DATA SECTION ->
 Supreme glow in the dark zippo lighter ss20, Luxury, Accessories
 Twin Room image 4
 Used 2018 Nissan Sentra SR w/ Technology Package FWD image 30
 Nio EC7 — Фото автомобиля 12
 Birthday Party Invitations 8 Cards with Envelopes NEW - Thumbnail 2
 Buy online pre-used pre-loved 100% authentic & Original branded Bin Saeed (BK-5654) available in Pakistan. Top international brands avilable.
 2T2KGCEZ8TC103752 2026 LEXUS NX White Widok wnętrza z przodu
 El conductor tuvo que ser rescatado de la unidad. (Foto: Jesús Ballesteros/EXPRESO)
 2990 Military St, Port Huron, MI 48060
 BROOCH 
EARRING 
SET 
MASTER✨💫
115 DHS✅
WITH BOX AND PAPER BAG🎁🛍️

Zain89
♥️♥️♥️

EXERCISE DESCRIPTION ->
In the data above, find each line that has the word "image" and copy it out.

OUTPUT FOR THIS EXERCISE ->
 Twin Room image 4
 Used 2018 Nissan Sentra SR w/ Technology Package FWD image 30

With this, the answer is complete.